Howl Jenkins Pendragon, voiced by Christian Bale, from Howl’s Moving Castle (2004). (Toho)

So is your partner’s masturbation a neutral and benign act with respect to the good faith of a relationship? Can you really dismiss it on the basis that there is no real-world harm, except for, perhaps, a tiny increase in unfaithful intention?

See, if cheating must happen in your reality to be considered as such, what does this say about your values and greatest interests? Arbitrarily, you may emphasise what transpires, here, in this reality instead of basing your partner’s infidelity on what goes on in their head. But this just sounds absurd, for you’ve allowed chance to define your relationship through the dice Reality throws every day in your partner’s actions.
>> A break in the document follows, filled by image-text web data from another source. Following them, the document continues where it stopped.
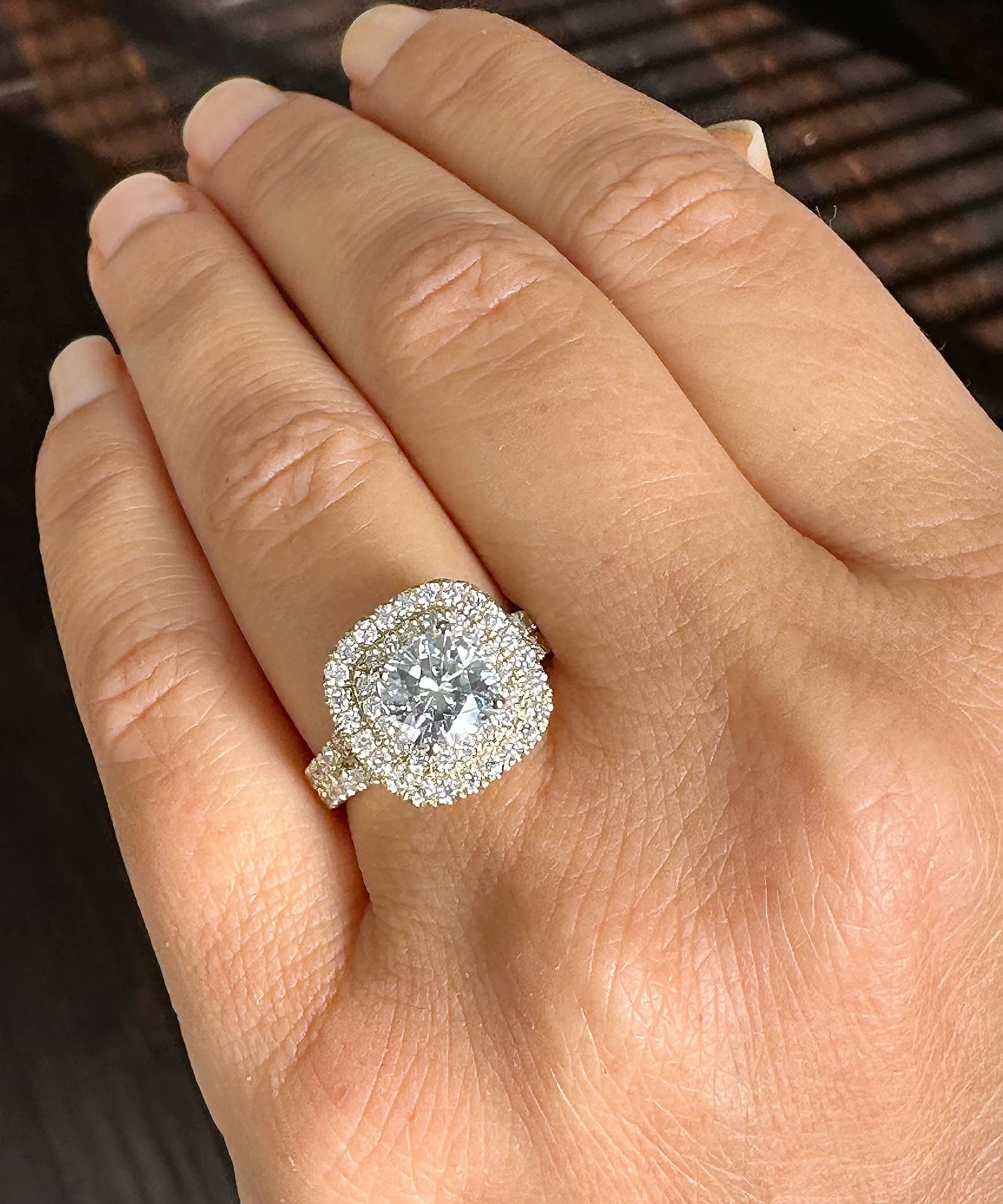 Double Halo Women's 14K Solid Yellow Gold Cushion Cut Forever One Moissanite And Natural Diamond Engagement Ring 2.80ctw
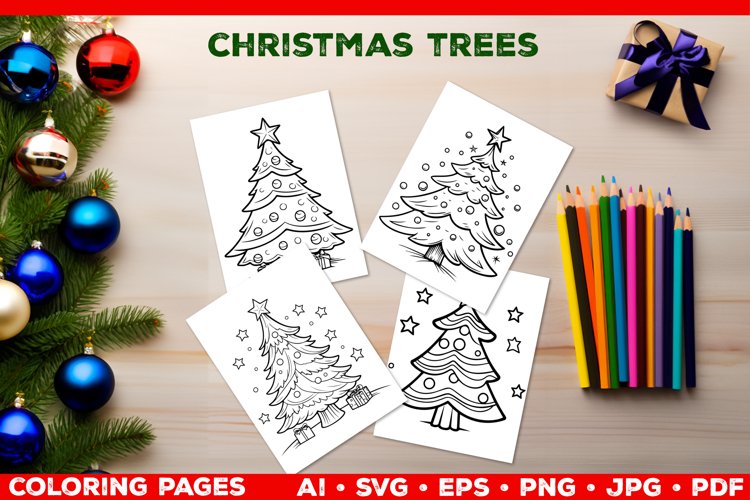 Festive christmas tree coloring pages christmas tree svg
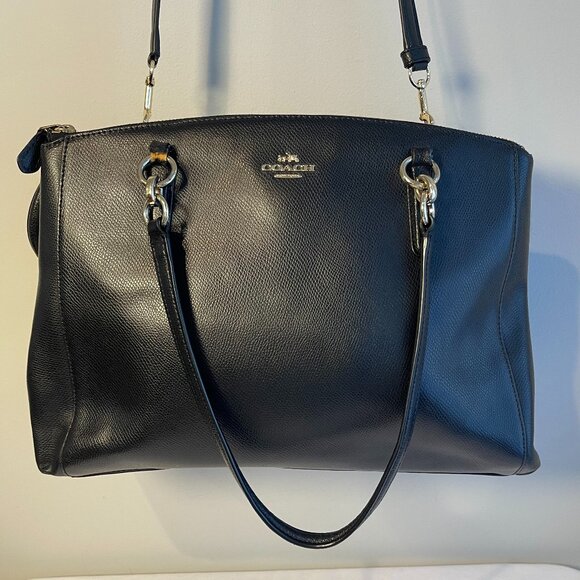 COACH Christie Crossgrain Leather Carryall Shoulder Bag in Black - Preowned - Picture 1 of 15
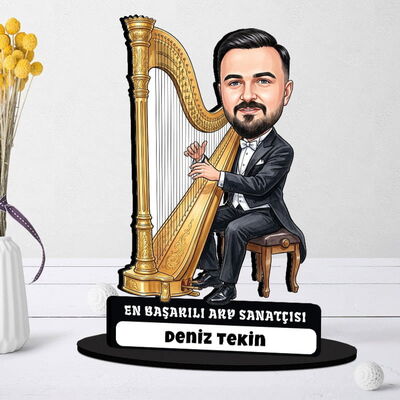 Arp Sanatçısı Müzisyen Erkek Karikatürlü Biblo - 1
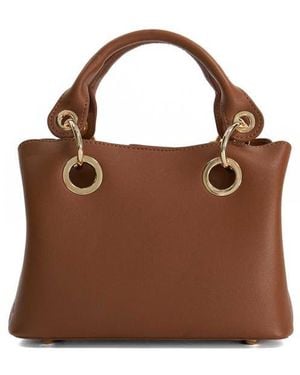 Dune Diddydelaser Faux Leather Top Handle Bag - Brown
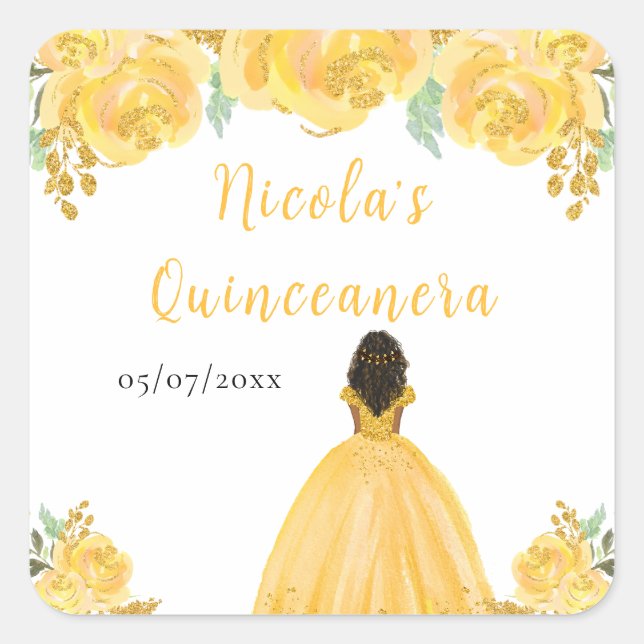 Dark Skin Princess Gold Floral Quinceanera Quadratischer Aufkleber (Vorderseite)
That your partner’s cheating requires organisms as well as orgasms to be considered unfaithful; that your reactiveness to other peoples’ gross and sticky fluids strikes you in the heart before your partner’s emotional betrayal; that your partner’s raunchy mental escapades in another world only become treacherous at the physical level—each represents a conveniently simple cut-off point to curtail an overthinking mind. Your partner may have been micro-cheating for a long time before this.

But what’s the alternative? At what point do you broach the topic and redress your anxiety when what bothers you is a fiction?

Instead, if you are to believe that your partner’s violation of your relationship is grounded in what they would like to do—even if those violations are contained within their imagination—the reality of your relationship is about to get very restrictive. Insofar as you can even talk about these things openly with your partner, there are now countless things they cannot do—or, indeed, think about—since their thoughts are under scrutiny, too. With all the concealing of information about to happen, you are now going to bed with a lot more insecurity.